▶ [PROBLEM STATEMENT]: In the material below, print every line exactly and omit the pictures.

▶ [GIVEN DATA]:

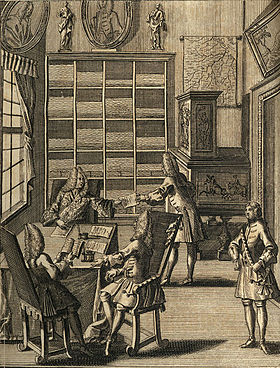 Tipični birokratski ured iz Njemačke 18. vijeka
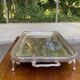 Sculpted silver serving tray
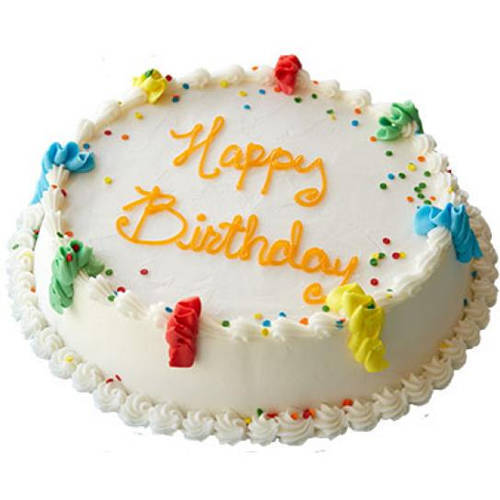 Blissful Vanilla Cake for Birthday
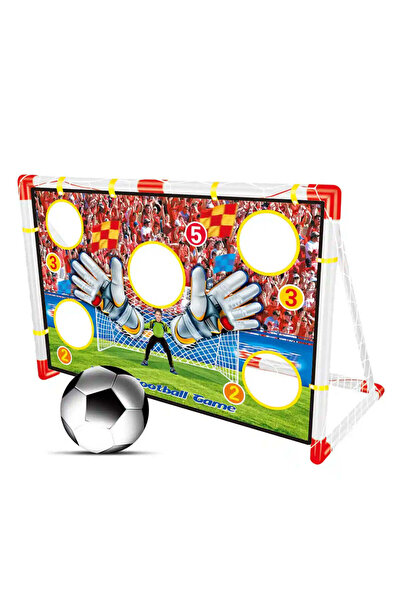 Toybox مجموعة لعب مرمى كرة قدم واقعية للأولاد، لعبة رياضية خارجية نشطة، ألعاب...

▶ [RESULT OF THE TASK]:
 Tipični birokratski ured iz Njemačke 18. vijeka
 Sculpted silver serving tray
 Blissful Vanilla Cake for Birthday
 Toybox مجموعة لعب مرمى كرة قدم واقعية للأولاد، لعبة رياضية خارجية نشطة، ألعاب...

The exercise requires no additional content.